エピローグ 秩序

「で、君はミディを助ける為に、遥々エルザへ来てくれたのだな?」


「はい、必ずやミディローズ様を救い出してみせます」


 エルザ城謁見の間にて、一人の青年がエルザ王に片膝をつき、頭を下げていた。そして迷いない強い言葉で、王の問いに答える。

 そんな彼の様子を、ライザーはじっと見つめていた。



 

 3年前、当時大臣長兼相談役であった青年の反逆により、この国は大きな痛手を受けた。彼は、王や重要な地位にいる者たちを捕え、幻花によって操り人形となった王女と結婚する事で、この国を手に入れようとしていた。

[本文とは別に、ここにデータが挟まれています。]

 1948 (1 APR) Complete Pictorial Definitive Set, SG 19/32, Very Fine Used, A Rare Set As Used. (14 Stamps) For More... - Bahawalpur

 しかし結婚式当日、突如現れた魔王の襲撃により、彼の野望は阻止される事となる。


 これにより反逆者は捕えられエルザ王国は救われた。だが同時にエルザ王は、一人娘である美しき王女を魔王に攫われてしまう事となった。


 国と引き換えに、魔王に大切な娘を奪われた悲劇の王。

 

 それが、現時点で各国が抱くライザーへの評価だった。


 でもまあ、それは表向き。


 全ては、メディアの野望を阻止する為、ミディを救出する為に行われた演技だった。本当の魔王は、壊した城の屋根をちゃんと直して帰る、周りに気を遣う優しい人柄という事を、ライザーは知っている。

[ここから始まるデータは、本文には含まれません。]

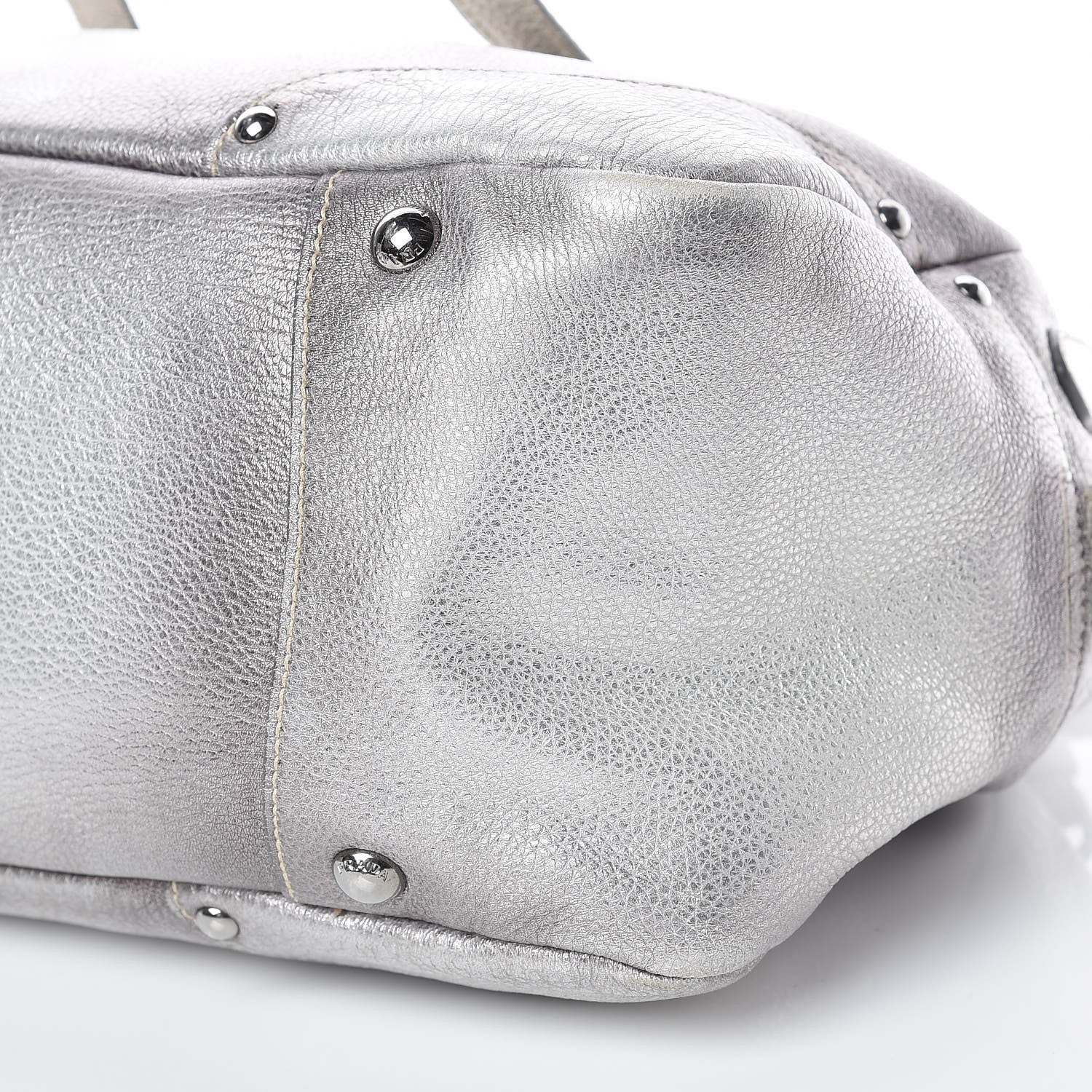 Prada Cervo Lux Bowler Bag Argento 12 of 20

 そして、彼がどれだけミディを大切に思ってくれているかも。


 本当は、魔族や魔王が良い者たちだという事を広めたいのだが、今後レージュ王国、もしくは他国がまたエルザ王国に侵略を考えるかもしれない。

 それら国々への牽制も兼ね、真実を伝えないようジェネラルが提案したのだ。不本意だがミディが攫われた今、この提案がこの国を守っているのは事実だった。


 結婚式当日には、他国の王族たちや権力者たちが多く招待されていた為、魔族襲撃は身を以て経験している。誰一人、エルザ王国が魔族に襲われた事を否定する者はいない。


 魔族が襲って一時占拠し、魔王が王女を攫った国だ。得体の知れない存在に襲われたという事実がある以上、ちょっかいを掛ける勇気は他国もないようだ。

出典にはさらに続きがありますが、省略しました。